[[ Information supplied, beginning ]]

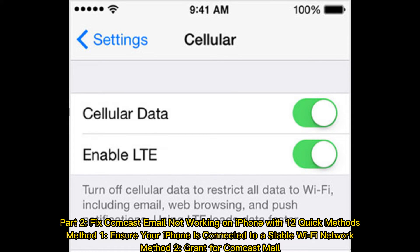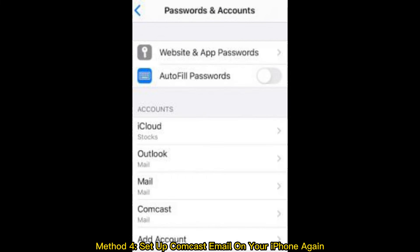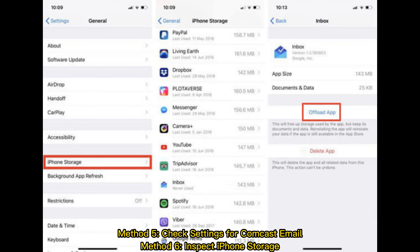Method two: grant permissions for Comcast Mail. Method three: check if you have added the Comcast email account. Method four: set up Comcast email on your iPhone again. Method five: check settings for Comcast email.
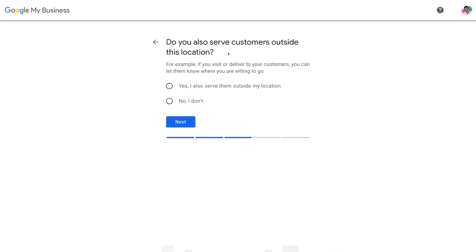Google will ask if you also serve customers outside of this physical business location. For example, if you visit or deliver to your customers you can let them know where you're willing to go. Because we're a cafe and our visitors come to us — we don't deliver or send any products or services — we're going to click 'No, I don't' and then click next.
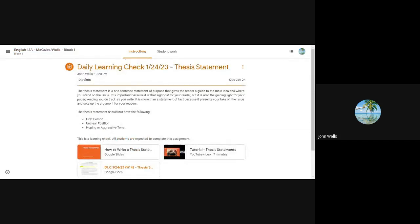Hey seniors, how are you doing? Today is Monday, January 23rd. Let's take a look at our assignment for today. We're going to start this today — I think some of you will be able to get this done today — but we're really going to bleed this over into tomorrow, the 24th.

[[ Information supplied, end ]]

- [Task brief]: Since the pictures are not part of the copy, transcribe only the remaining material, exactly.

- [Answer to the exercise]:
Method two: grant permissions for Comcast Mail. Method three: check if you have added the Comcast email account. Method four: set up Comcast email on your iPhone again. Method five: check settings for Comcast email.
Google will ask if you also serve customers outside of this physical business location. For example, if you visit or deliver to your customers you can let them know where you're willing to go. Because we're a cafe and our visitors come to us — we don't deliver or send any products or services — we're going to click 'No, I don't' and then click next.
Hey seniors, how are you doing? Today is Monday, January 23rd. Let's take a look at our assignment for today. We're going to start this today — I think some of you will be able to get this done today — but we're really going to bleed this over into tomorrow, the 24th.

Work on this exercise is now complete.